In a nutshell, we want what’s recorded in the system to match the real world. We know this is impossible (delays, mistakes, changes) but are getting as close as we can. The promise is that if what’s in the system matches the real world as closely as possible, costs go down, customer satisfaction goes up, & we are able to scale further faster.
Here’s how it works.
Scenarios
We’ll take addresses as our example. Addresses are useful for sending correspondence, calculating taxes, determining regulations, & targeting marketing. Addresses, though, change.
Simplest—we’ll just store the address in the database. When the address changes, we’ll change what’s in the database. Finito.
Not quite. The customer calls and says, “Why did you charge me California sales tax for this order? I don’t live in California. 🤬” We look in the database & there it is, a California address. “I just moved you numbskulls. The order was sent to me when I was in Colorado.”

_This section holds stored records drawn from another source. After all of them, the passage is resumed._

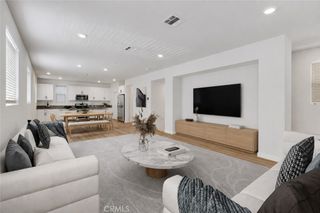 14700 Sherman Way, Van Nuys, CA 91405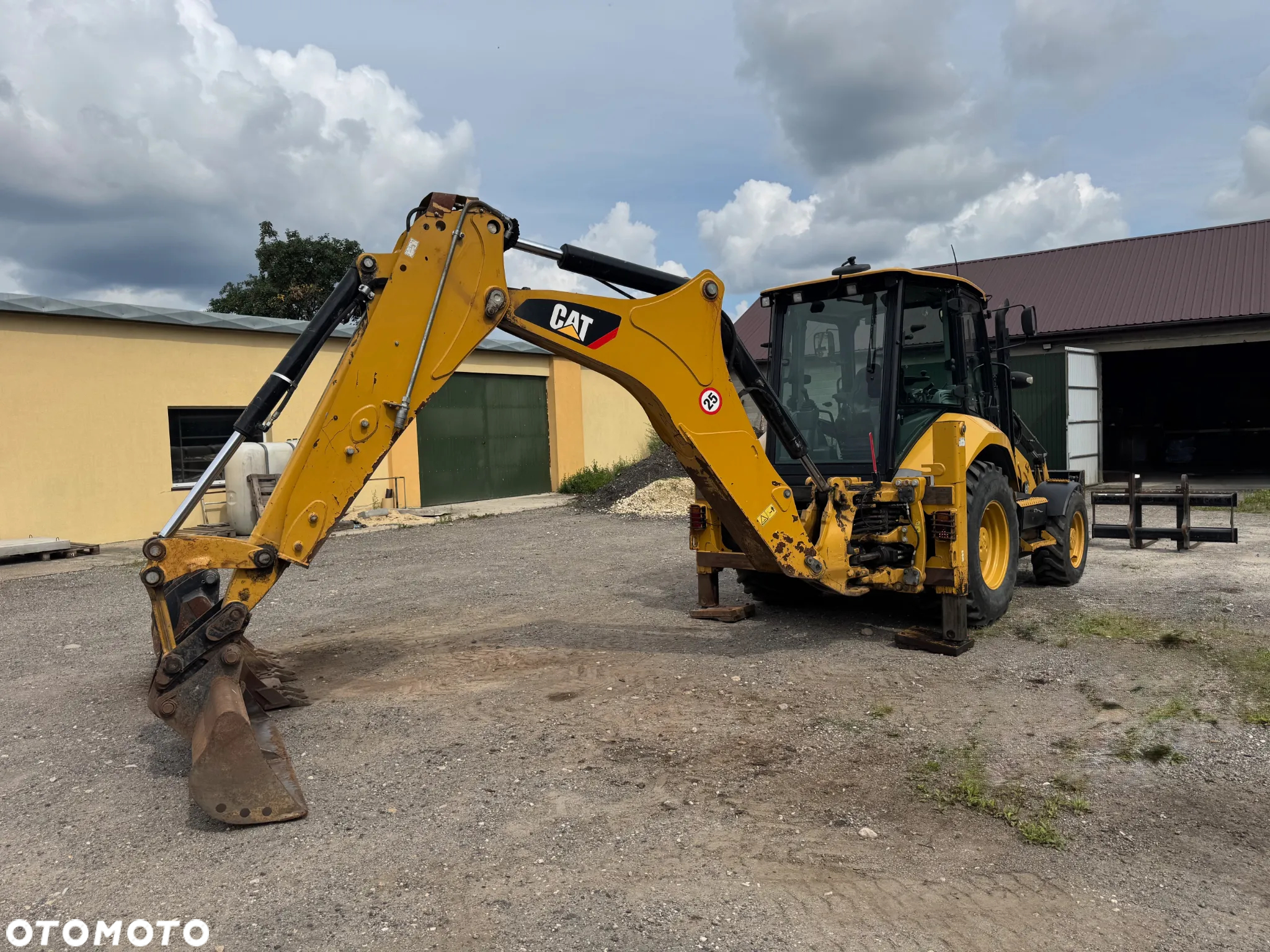 Caterpillar 432F2 - 4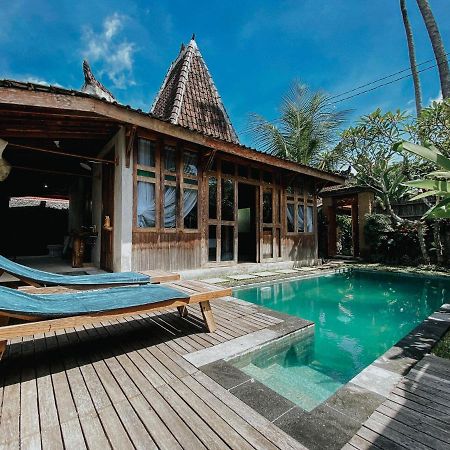 Sarini Villas Блахбату Экстерьер фото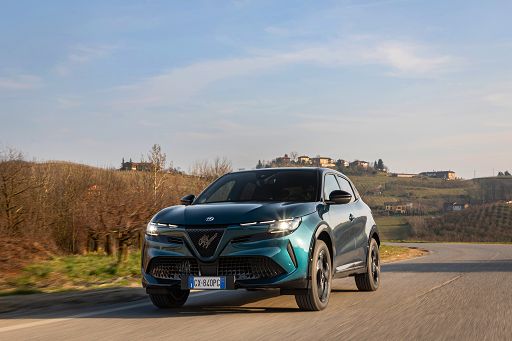 Alfa Romeo Junior Ibrida Q4, debutta la versione a trazione integrale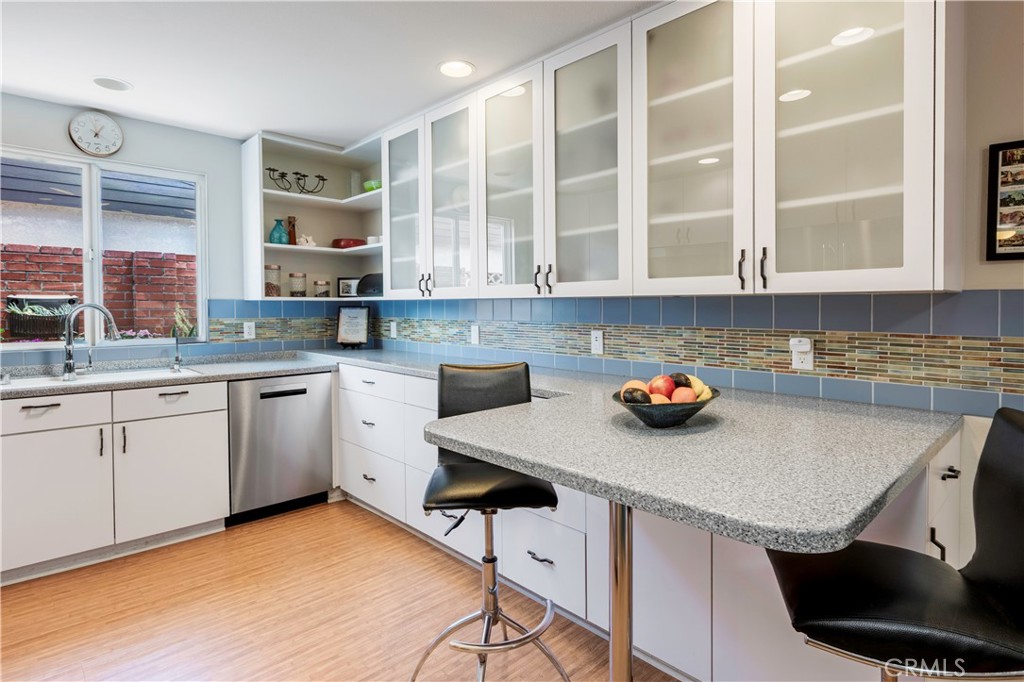 1015 Fathom Property Photo 11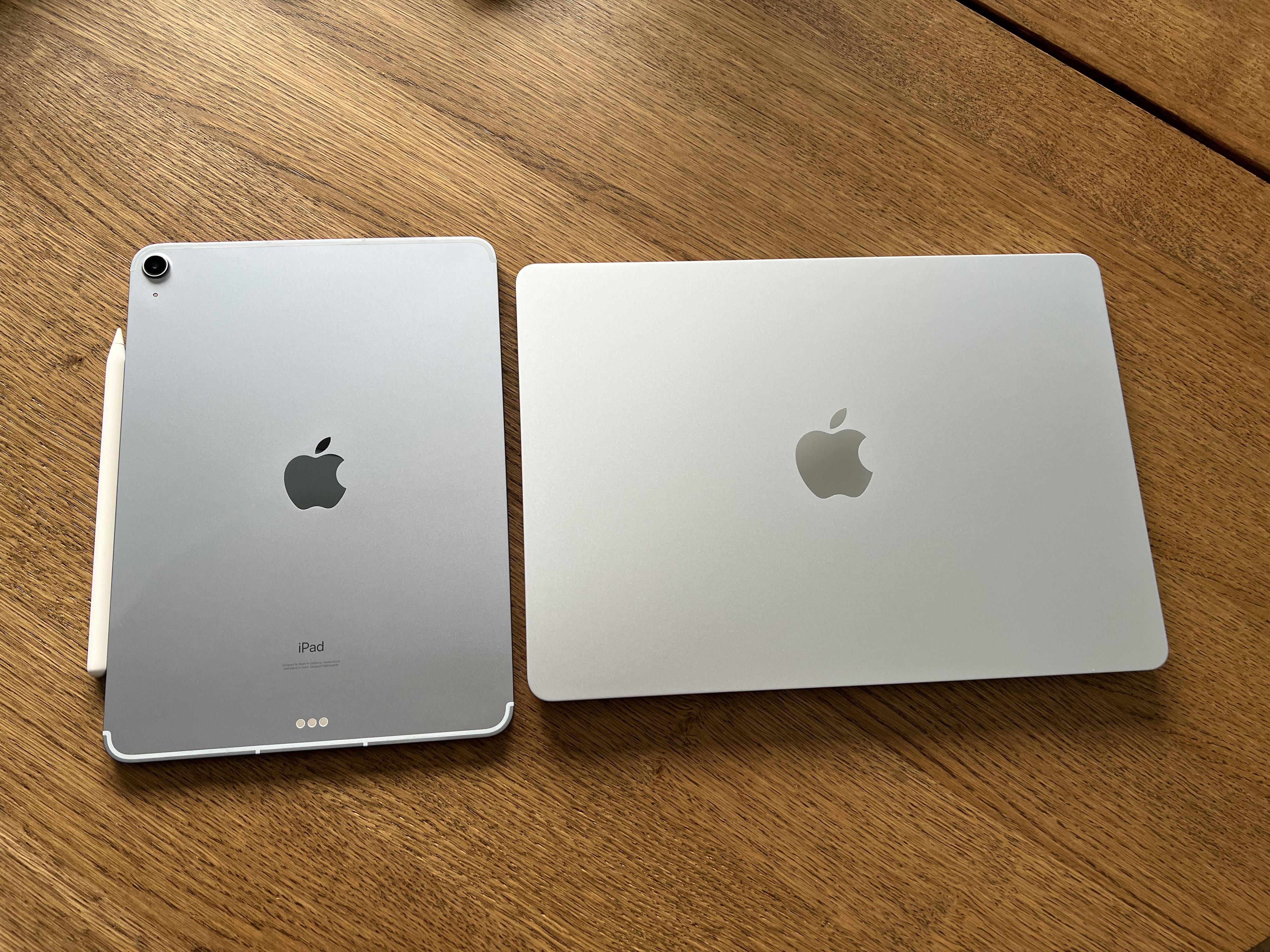 スカイブルー比較：iPad Air（第4世代） vs MacBook Air M4 : r/macbookair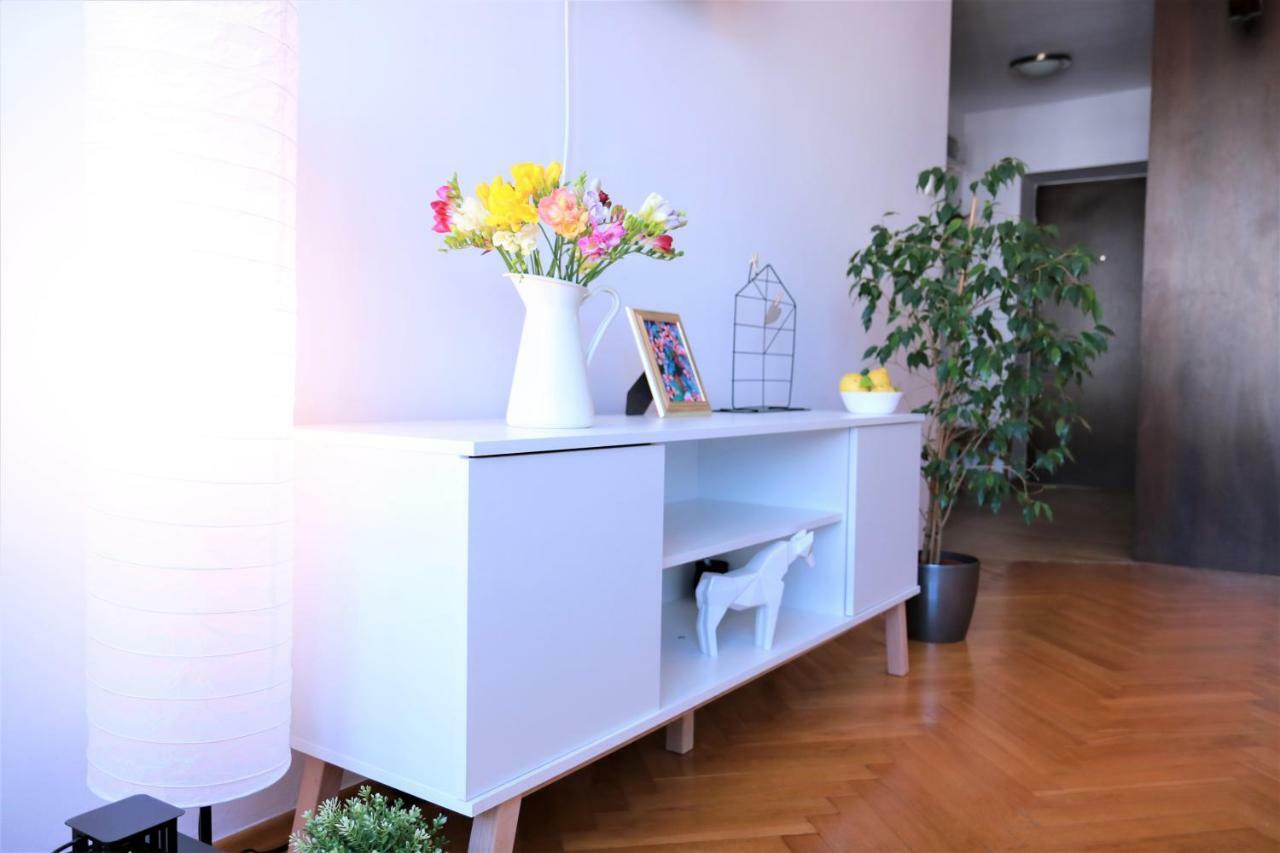 Cozy And Great Location By Cooee Apartments Varşovia Exterior foto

We’re terribly sorry for the mistake. Here’s a voucher for an ice cream cone.
Not a good experience for the customer. Not a good experience for us.
Dated data—we choose to remember the history of all the addresses & tag them with their date. This is more complicated. Now the customer service screens have to display a list of addresses instead of just one. The database will be bigger because we don’t throw addresses away. The code will be more complicated because we can no longer say, “Here’s a customer. What’s their address?” we have to say, “Here’s a customer. What’s their address on this date?”
Yes, it’s more complicated, but in return we get to answer our irate customer’s question. “Our records show that you placed the order on June 15 & you moved on June 1.” Oh.
Okay, so date-tagged data is better for us at the cost of a bit more complexity.
However… What happens when a customer says, “Oh, by the way, I moved 2 months ago.”? What date do we use for the tag? Today? Then we won’t know that we need to recalculate 2 months’ worth of statements. Two months ago? Then we won’t be able to explain (to the customer, tax authorities, whoever) why we did what we did.
The fundamental, inescapable problem? What is in the system is a flawed reflection of what is going on in reality. We want what is in the system to be as close as possible to reality, but we also need to acknowledge that consistency between the system & reality will only ever be approached, not achieved. The system will record changes in reality eventually, but by then we may have made decisions that need to be undone.
Sound difficult? Only a little more than what we’ve done already.
Double-dated data—we tag each bit of business data with 2 dates:
The date on which the data changed out in the real world, the effective date.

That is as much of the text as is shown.